Word for word, transcribe the lines below and drop the pictures.
═════ PROVIDED DATA ═════
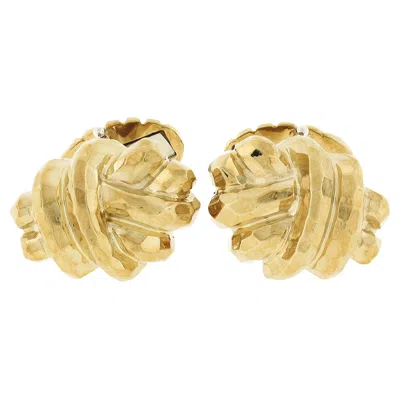 Pre-owned Henry Dunay 18k Yellow Gold Hammered Finish Infinity Love Knot Men's Cufflinks
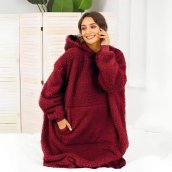 Manta de televisión con capucha y bolsillo tipo canguro para casa - Cómoda manta sudadera con mangas
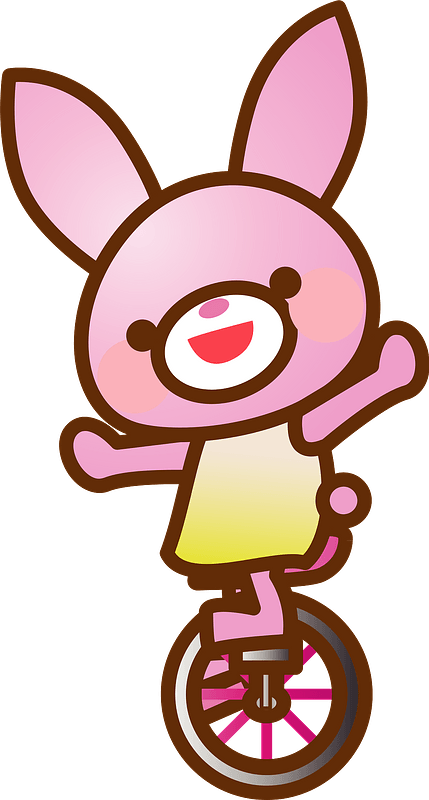 Rabbit is on unicycle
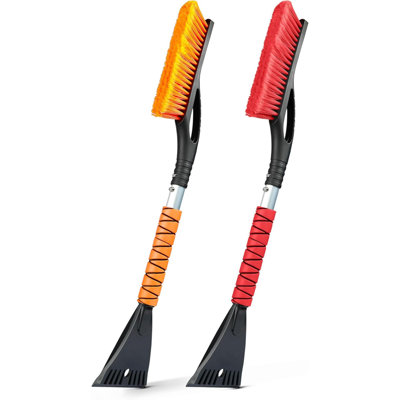 Brosse à neige 27 po pour voiture et grattoir à glace 27 po (paquet de 2) | Grattoir à neige en aluminium pour les voitures avec prise en mousse ergonomique | Grattoir à glace et pare-neige sans égratignures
═════
RESPONSE BELOW:
 Pre-owned Henry Dunay 18k Yellow Gold Hammered Finish Infinity Love Knot Men's Cufflinks
 Manta de televisión con capucha y bolsillo tipo canguro para casa - Cómoda manta sudadera con mangas
 Rabbit is on unicycle
 Brosse à neige 27 po pour voiture et grattoir à glace 27 po (paquet de 2) | Grattoir à neige en aluminium pour les voitures avec prise en mousse ergonomique | Grattoir à glace et pare-neige sans égratignures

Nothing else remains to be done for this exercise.